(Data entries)
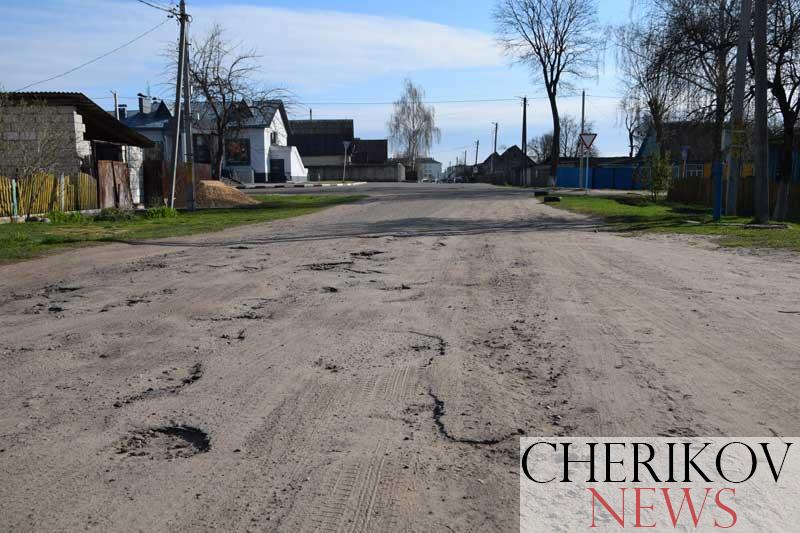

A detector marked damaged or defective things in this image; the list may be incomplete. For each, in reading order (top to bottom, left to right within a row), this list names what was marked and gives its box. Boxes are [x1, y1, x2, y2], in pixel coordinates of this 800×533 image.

pothole in road [116, 424, 211, 458]
damaged asphalt road [1, 182, 800, 528]
cracked asphalt surface [1, 184, 800, 532]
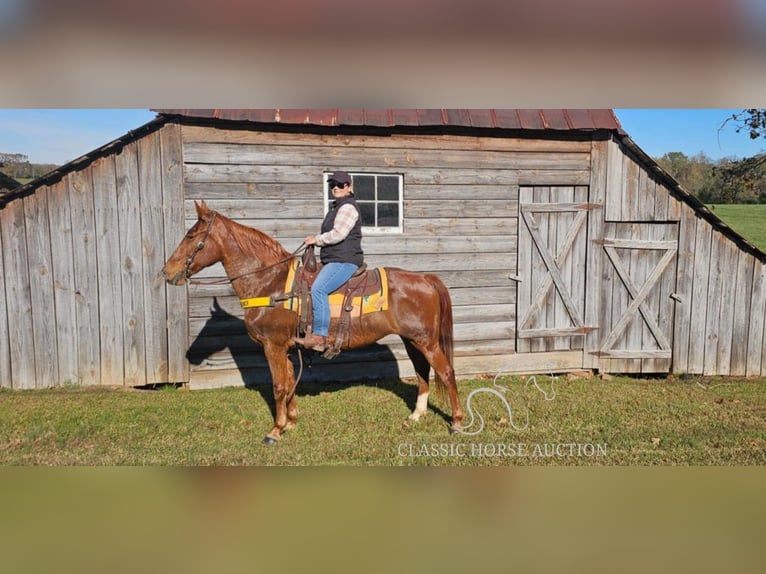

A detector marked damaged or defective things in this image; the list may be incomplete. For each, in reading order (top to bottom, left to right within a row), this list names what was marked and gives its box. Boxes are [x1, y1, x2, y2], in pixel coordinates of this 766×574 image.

rusty metal roof [154, 109, 624, 133]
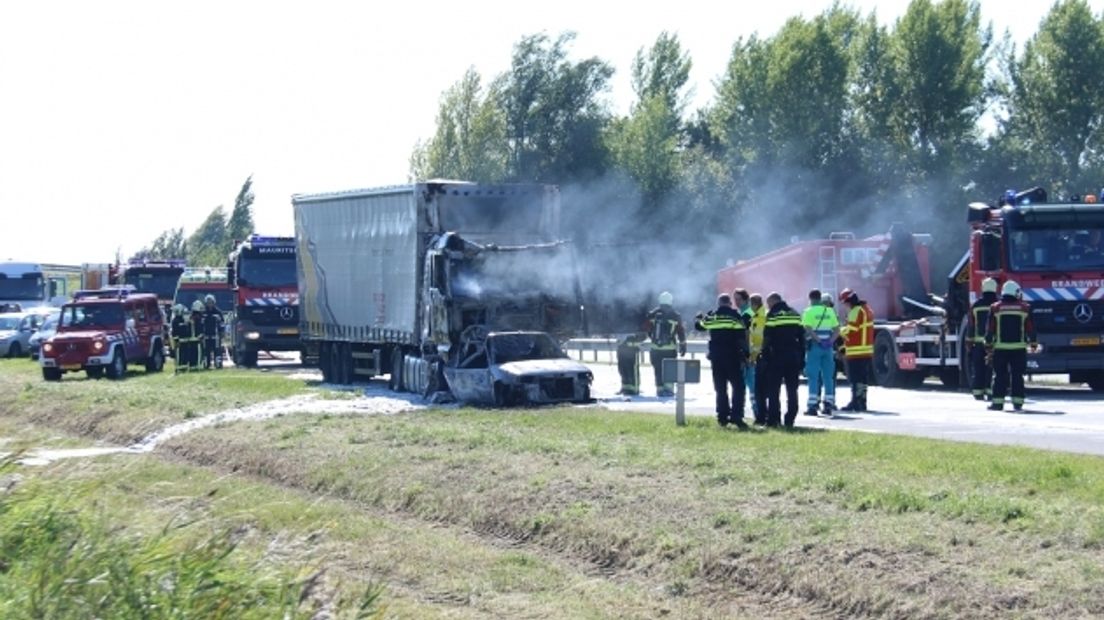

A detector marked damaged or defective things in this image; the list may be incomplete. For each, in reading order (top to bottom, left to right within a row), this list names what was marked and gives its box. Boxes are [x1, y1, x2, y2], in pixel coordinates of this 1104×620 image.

__TASK TO COMPLETE__. Return every entry exactly, dropping the pictures.

__EXPECTED ANSWER__.
A detector marked damaged or defective things in this image; the list may be incomplete. For each, in reading order (top to bottom, left to right within a row), this list names what was marked and gives its box. Boxes are [x1, y1, x2, y2], in pixel coordinates of this 800×533 image.

pothole in road [116, 424, 211, 458]
damaged asphalt road [1, 182, 800, 528]
cracked asphalt surface [1, 184, 800, 532]

A detector marked damaged or defective things in this image; the list may be incomplete. For each, in reading order (top to bottom, left to right within a row), this list names what was marked and gives its box. Boxes are [x1, y1, x2, y2], in pixel coordinates of this 766×574 image.

rusty metal roof [154, 109, 624, 133]

A detector marked damaged or defective things in this image; the list may be incomplete. For each, in reading order (top to bottom, left to right within a row), this list names what was marked and gives its box. Boxes are [x1, y1, x2, y2], in pixel coordinates of this 1104×620 image.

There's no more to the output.